Je n'en pouvais plus. Je ne pouvais pas me retenir. J'étais une fille lamantable. Je criais sur ma mère. Je hurlais. Je ne pouvais pas faiblir devant elle et avoir une crise, je réagissais de la seule manière restante: Lui faire mal, la détruire comme je l'étais.

- T'es fière, je suppose?
- Quesque j'ai fais pour que tu sois comme ça? J'ai fais quelque chose de mal?
- Pour que je sois comment? J'aime les filles, c'est SI grave?
- J'ai fais une bétise? Comment tu l'as sû?
- Maman! Arrête de te prendre pour le centre O du monde! Ce n'est pas de ta faute! Ca ne le sera pas. Je déteste quand tu es comme ça.

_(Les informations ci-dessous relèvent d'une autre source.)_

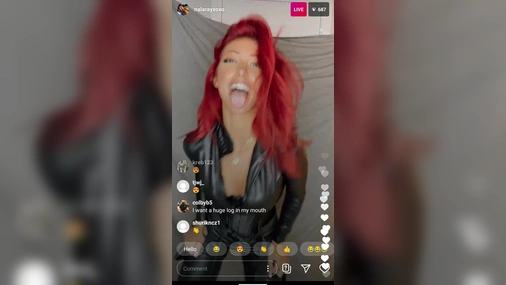 NalaFitness Chatting With Fans in Instagram Livestream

- Et alors? Comment tu l'as su?
- Je l'ai toujours sû maman. Et j'ai appris ce que j'étais vraiment en regardant “La tentation de Jessica”.
- T'as vu ça où encore?
- C'est toi qui l'a acheté maman...
- Je suis conne... J'aurais jamais du faire ça... Il y a moyen de changer ça?
- Non.
- Non?
- Non. Tu as si honte de ta fille?
- Non. T'es ma fille. Je suis ta mère. J'dois bien t'accepter comme ça.
- Papa et Tati sont au courant.
- Papa m'en avait parlé. M'enfin rien de bien...
- Il t'en a parlé alors que je lui ai demandé de ne rien dire?
- Tu l'connais. C'est un menteur. Un connard.
- Ne parle pas de l...
- J'en parle comme je veux. De toute manière il est pas là quand il le faut. Maintenant c'est encore moi qui doit avoir à faire à tes conneries.
- ...

S'en était assez. Elle le savait maintenant. Bien. Elle l'accepterais bien. Je savais intérieurement qu'elle allait sûrement pleurer une bonne partie de la nuit, se demandant ce qu'elle avait fait au ciel pour mérité une vie aussi horrible.